This vehicle has 10.3 cubic feet of cargo space behind the third row. Folding down the back row expands that to 34.2 cubic feet, and folding down the second row as well unveils 63.3 cubic feet of space. Notably, the GT trim has slightly less space by roughly 1 to 2 cubic feet. There’s a decent amount of space behind the third and second rows, but the total figure with all rear seats folded is a bit below average for the class.

Outlander Infotainment, Bluetooth, and Navigation

Standard equipment in the base Outlander ES includes a 7-inch touch screen, a six-speaker stereo, HD Radio, a USB port, and Bluetooth. Apple CarPlay and Android Auto are available, as are a rear-seat DVD player, satellite radio, a nine-speaker premium sound system, and an additional USB port.
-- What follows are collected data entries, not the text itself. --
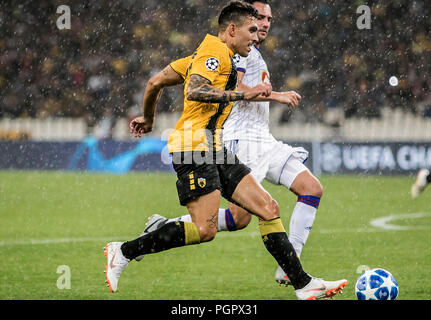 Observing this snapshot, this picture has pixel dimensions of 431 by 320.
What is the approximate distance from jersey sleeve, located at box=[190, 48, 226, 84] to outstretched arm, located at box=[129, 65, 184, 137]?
0.43m

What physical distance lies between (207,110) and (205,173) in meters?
0.39

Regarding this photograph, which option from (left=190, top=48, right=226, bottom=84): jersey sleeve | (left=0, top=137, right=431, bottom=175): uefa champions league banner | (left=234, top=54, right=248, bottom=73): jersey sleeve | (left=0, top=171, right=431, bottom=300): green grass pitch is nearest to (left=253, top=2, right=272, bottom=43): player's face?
(left=234, top=54, right=248, bottom=73): jersey sleeve

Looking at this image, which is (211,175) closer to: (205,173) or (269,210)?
(205,173)

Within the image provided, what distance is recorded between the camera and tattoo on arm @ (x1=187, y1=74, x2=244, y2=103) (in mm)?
4469

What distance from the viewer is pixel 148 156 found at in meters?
16.3

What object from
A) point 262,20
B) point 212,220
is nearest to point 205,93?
point 212,220

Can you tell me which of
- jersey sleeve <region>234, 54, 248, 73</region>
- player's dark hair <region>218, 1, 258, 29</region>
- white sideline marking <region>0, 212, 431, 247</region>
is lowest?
white sideline marking <region>0, 212, 431, 247</region>

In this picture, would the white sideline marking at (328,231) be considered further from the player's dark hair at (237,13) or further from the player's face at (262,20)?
the player's dark hair at (237,13)

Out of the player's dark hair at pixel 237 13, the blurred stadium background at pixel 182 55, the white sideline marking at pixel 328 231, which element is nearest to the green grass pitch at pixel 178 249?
the white sideline marking at pixel 328 231

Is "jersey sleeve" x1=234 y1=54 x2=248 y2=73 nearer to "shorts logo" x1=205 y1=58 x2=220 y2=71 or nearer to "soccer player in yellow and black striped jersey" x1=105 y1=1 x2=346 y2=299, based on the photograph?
"soccer player in yellow and black striped jersey" x1=105 y1=1 x2=346 y2=299

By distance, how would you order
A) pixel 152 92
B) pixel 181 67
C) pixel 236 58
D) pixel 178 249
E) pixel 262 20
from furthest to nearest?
pixel 178 249
pixel 262 20
pixel 236 58
pixel 152 92
pixel 181 67

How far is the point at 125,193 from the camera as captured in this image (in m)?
12.9

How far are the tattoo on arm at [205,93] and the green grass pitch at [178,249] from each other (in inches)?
53.9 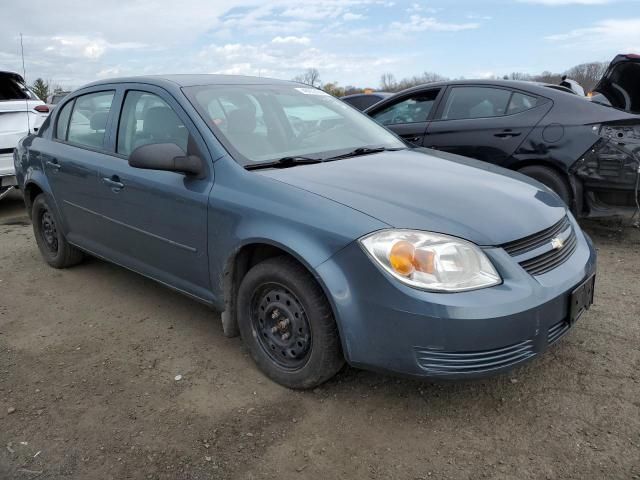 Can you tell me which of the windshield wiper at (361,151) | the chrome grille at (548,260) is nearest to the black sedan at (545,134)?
the windshield wiper at (361,151)

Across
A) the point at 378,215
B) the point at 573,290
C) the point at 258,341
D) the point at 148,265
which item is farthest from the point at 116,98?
the point at 573,290

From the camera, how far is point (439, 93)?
579 cm

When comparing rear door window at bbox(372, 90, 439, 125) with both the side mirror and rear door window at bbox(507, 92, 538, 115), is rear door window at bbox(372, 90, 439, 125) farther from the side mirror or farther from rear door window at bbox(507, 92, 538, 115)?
the side mirror

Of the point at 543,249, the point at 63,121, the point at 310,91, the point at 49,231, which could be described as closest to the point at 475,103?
the point at 310,91

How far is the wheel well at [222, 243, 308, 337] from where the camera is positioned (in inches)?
113

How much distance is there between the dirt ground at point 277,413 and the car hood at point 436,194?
0.76 meters

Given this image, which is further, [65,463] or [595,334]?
[595,334]

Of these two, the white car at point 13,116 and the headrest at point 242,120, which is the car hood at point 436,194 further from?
the white car at point 13,116

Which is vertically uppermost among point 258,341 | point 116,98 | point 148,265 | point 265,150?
point 116,98

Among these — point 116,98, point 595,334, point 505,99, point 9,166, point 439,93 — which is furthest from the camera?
point 9,166

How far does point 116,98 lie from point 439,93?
3.36 m

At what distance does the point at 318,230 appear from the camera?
2502 mm

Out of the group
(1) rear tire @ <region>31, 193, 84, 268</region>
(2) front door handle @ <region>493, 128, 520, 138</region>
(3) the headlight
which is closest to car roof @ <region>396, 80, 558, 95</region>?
(2) front door handle @ <region>493, 128, 520, 138</region>

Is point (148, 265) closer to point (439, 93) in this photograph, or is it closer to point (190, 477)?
point (190, 477) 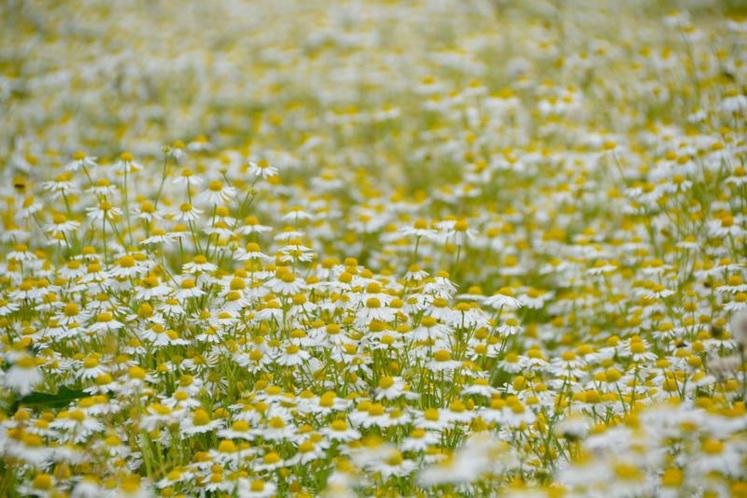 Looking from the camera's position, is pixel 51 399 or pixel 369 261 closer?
pixel 51 399

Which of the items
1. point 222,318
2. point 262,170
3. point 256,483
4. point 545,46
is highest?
point 545,46

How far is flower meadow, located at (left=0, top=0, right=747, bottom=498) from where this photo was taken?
3162mm

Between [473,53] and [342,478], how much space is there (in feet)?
24.9

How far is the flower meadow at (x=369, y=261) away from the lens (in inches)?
124

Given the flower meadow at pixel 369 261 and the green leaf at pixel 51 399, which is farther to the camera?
Answer: the green leaf at pixel 51 399

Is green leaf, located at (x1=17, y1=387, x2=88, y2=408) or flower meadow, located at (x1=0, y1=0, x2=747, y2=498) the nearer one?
flower meadow, located at (x1=0, y1=0, x2=747, y2=498)

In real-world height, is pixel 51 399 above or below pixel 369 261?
above

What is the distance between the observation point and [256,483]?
2.92 meters

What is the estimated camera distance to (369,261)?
6.04 meters

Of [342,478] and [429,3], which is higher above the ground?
[429,3]

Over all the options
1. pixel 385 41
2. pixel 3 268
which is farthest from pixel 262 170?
pixel 385 41

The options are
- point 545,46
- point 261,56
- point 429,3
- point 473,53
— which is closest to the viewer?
point 545,46

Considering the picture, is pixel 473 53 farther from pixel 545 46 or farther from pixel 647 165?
pixel 647 165

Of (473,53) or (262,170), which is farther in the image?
(473,53) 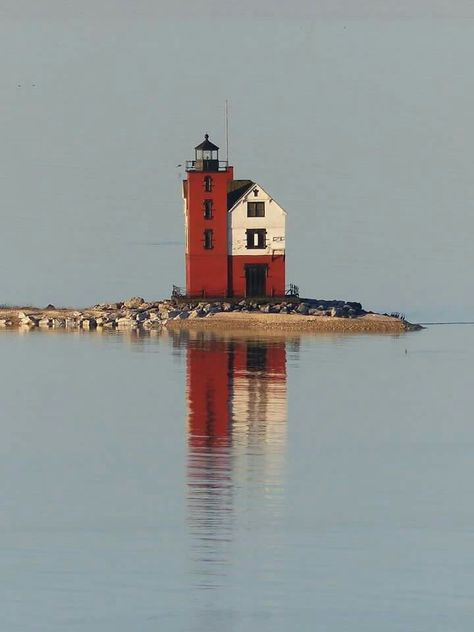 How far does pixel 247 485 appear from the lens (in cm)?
3506

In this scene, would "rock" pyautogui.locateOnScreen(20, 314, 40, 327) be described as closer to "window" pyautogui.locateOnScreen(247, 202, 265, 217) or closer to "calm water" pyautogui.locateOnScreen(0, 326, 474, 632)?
"window" pyautogui.locateOnScreen(247, 202, 265, 217)

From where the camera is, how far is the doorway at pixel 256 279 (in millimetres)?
77500

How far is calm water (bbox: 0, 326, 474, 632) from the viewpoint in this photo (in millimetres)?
26859

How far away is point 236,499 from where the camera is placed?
109 feet

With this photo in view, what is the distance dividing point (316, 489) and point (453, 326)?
161ft

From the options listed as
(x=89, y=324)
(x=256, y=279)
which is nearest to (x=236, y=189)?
(x=256, y=279)

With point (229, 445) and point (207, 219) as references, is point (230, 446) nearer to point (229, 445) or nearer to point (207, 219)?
point (229, 445)

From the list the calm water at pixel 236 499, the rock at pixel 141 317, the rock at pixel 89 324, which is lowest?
the calm water at pixel 236 499

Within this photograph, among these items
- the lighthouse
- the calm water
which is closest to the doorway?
the lighthouse

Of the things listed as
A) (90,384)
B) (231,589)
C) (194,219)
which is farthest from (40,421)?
(194,219)

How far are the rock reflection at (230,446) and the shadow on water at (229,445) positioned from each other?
16 millimetres

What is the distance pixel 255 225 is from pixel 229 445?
38.0 m

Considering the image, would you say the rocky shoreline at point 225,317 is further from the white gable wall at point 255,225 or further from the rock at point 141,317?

The infotainment system is easy to use, and there are plenty of straightforward physical controls, though the setup feels a touch dated. Modern connectivity features like Apple CarPlay and Android Auto are a nice touch.

For more information, read What Is Apple CarPlay? and What Is Android Auto?

Read more about interior »

Outlander Performance

Outlander Engine: Ho-Hum Base

Three powertrains are available for this Mitsubishi. It comes standard with a 166-horsepower 2.4-liter four-cylinder engine paired with a continuously variable automatic transmission (CVT). The top-of-the-line GT trim gets a six-speed automatic transmission and a V6 engine that puts out 224 horsepower and 215 pound-feet of torque. The Outlander PHEV fits in between, with the plug-in hybrid's gas engine and two electric motors producing a combined 197 horsepower.

The four-cylinder engine struggles to move a fully loaded Outlander, and some critics say the CVT drones loudly at higher speeds. The available V6 engine has more oomph, though it gets worse fuel economy.

Outlander Gas Mileage: Outlandishly Good

The base Outlander gets an EPA-estimated 25 mpg in the city and 30 mpg on the highway. Those are great figures among both compact SUVs and 3-row SUVs, and you’ll spend less money at the pump than you would with rivals such as the Kia Sportage. The GT model and its V6 engine require premium gasoline and get fuel estimates of 20 mpg in the city and 27 mpg on the highway.

The Outlander PHEV has an all-electric range of 22 miles and a rating of 74 MPGe combined. (For more information, check out our What Is MPGe? article.) Charge times range from 3.5 hours with a 240-volt outlet to between eight and 13 hours with a 120-volt outlet. You can also recharge up to 80 percent of the battery in 25 minutes with DC Fast Charging.

Outlander Ride and Handling: Coarse

This vehicle has a stiff ride. Larger bumps jostle occupants, and it tends to lean pronouncedly around corners. Front-wheel drive comes standard. All-wheel drive is available in the lower trims and standard in the plug-in hybrid and the Outlander GT.

Read more about performance »

Outlander Reliability

Is the Mitsubishi Outlander Reliable?

The 2019 Outlander receives a below-average predicted reliability rating of 2.5 out of five from J.D. Power.

Mitsubishi Outlander Warranty

Mitsubishi covers the Outlander with a five-year/60,000-mile warranty and a 10-year/100,000-mile powertrain warranty. Those are outstanding terms for the class.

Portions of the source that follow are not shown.